Helpfully, there’s a date on this photograph: 28th March 1922. I bought this on eBay in August 2017 and I’m delighted to be able to tie this in to a medal index card on this site. Arthur Allan served with the Royal Garrison Artillery (RGA) as a second lieutenant but he was a lieutenant by the time this studio portrait was taken. Another man remembered by British Army Ancestors.
I know little about this man but he is probably the same Arthur John William Allan whose birth was registered at Knaresborough, north Yorkshire, in the first quarter of 1894. Baptism records on Findmypast note that he was the son of Lewis Forsyth and Emily Agnes Allan and that he was baptised in the parish of Bilton on the 25th March 1894. Lewis and Emily were living at 20 Studley Road, Harrogate, and Lewis was working as an insurance secretary.

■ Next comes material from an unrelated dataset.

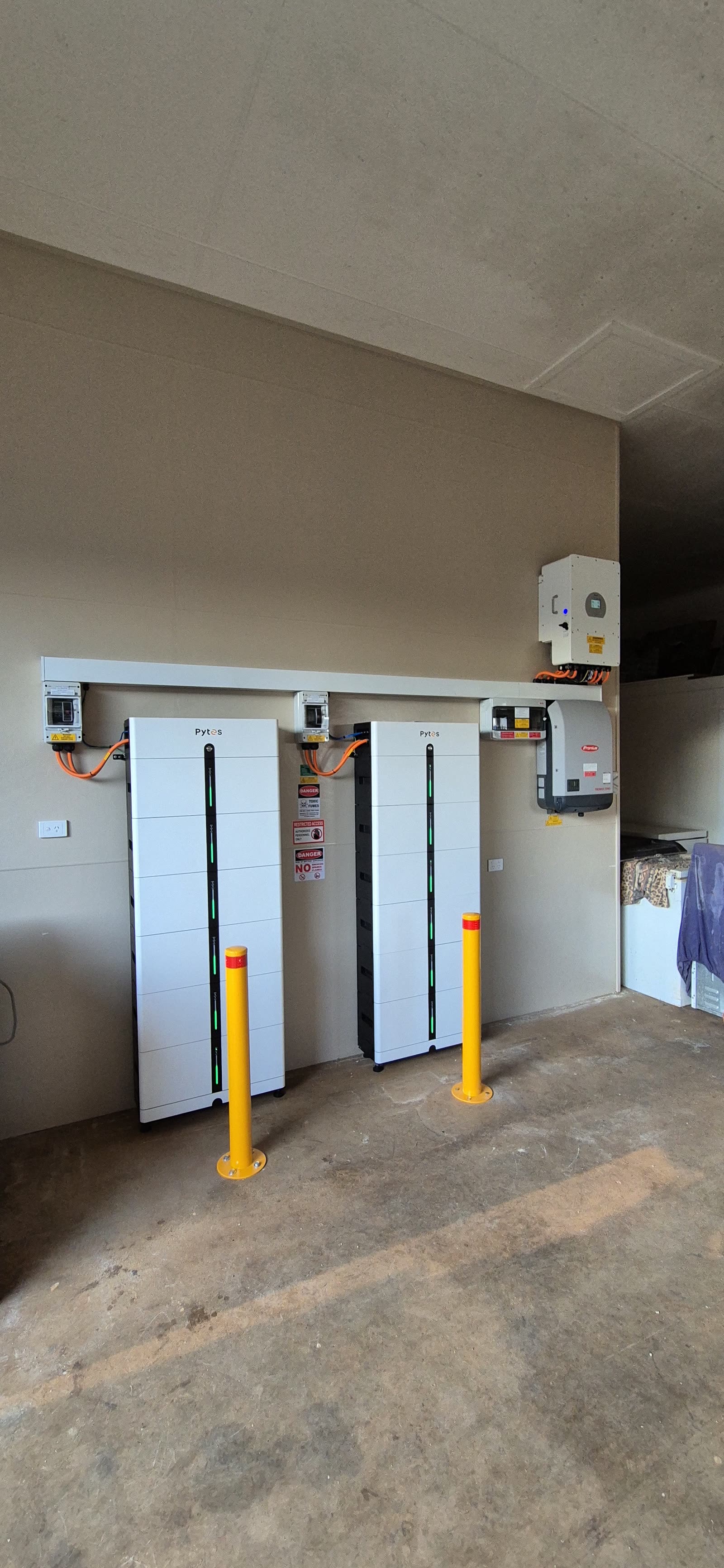 Two Pytes Pi LV1 battery stacks installed under a carport with a Deye inverter overhead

The 1911 census records Arthur living at Wallsend-on-Tyne and working as a marine engine fitter. His mother is recorded at the top of this return as “wife” but Arthur’s father is mising. Two brothers, George and Robert, also feature on the return. Emily’s mother, Elizabeth, and an 18-year-old nephew, Harry Williams Jones, were also present on census night.
Arthur’s medal index card notes that he arrived in France on the 1st September 1915. In the photograph, Arthur is clearly wearing the three First World War campaign medal ribbons. His service record almost certainly survives with the MoD and could be ordered by visiting the Veterans UK site.
Arthur Allan died in 1980, his death registered in Worthing, West Sussex in the first quarter of 1980. I remember that time well because this was when my own grandfather, Walter Leonard Nixon, also died. He would have been a year older than Arthur Allan and like Arthur was also a First World War and RGA veteran who is also remembered on this website.